» **YOUR TASK**
From the listing below, output the lines between the one with "日本Sanrio正品Badtz Maru酷企鵝XO 毛毛中筒襪" and the one with "10402 Hampton Rd, Fairfax Station, VA 22039", including those two, and nothing else. Pictures are not copied.

» **RECORDS FOR PROCESSING**
==================================================
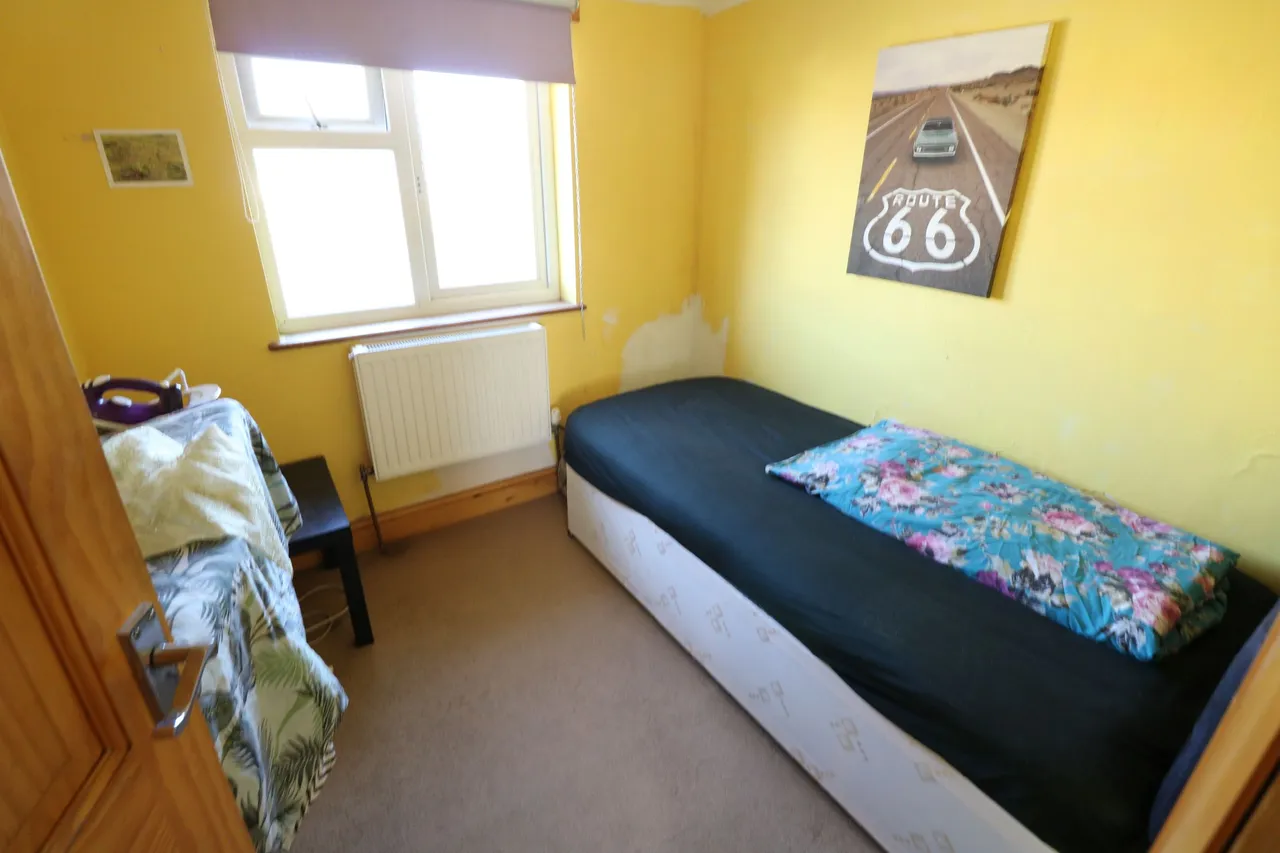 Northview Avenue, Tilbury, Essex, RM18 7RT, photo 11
==================================================
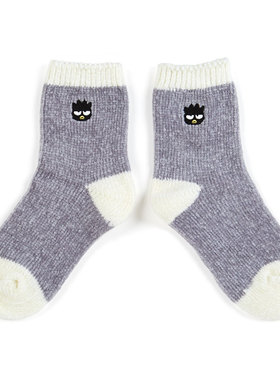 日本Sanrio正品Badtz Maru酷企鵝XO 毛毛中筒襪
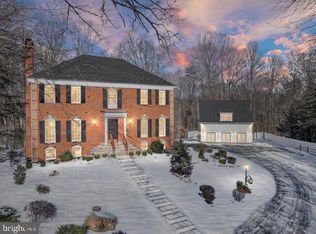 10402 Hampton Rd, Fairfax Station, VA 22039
==================================================
» **ANSWER BOX**
 日本Sanrio正品Badtz Maru酷企鵝XO 毛毛中筒襪
 10402 Hampton Rd, Fairfax Station, VA 22039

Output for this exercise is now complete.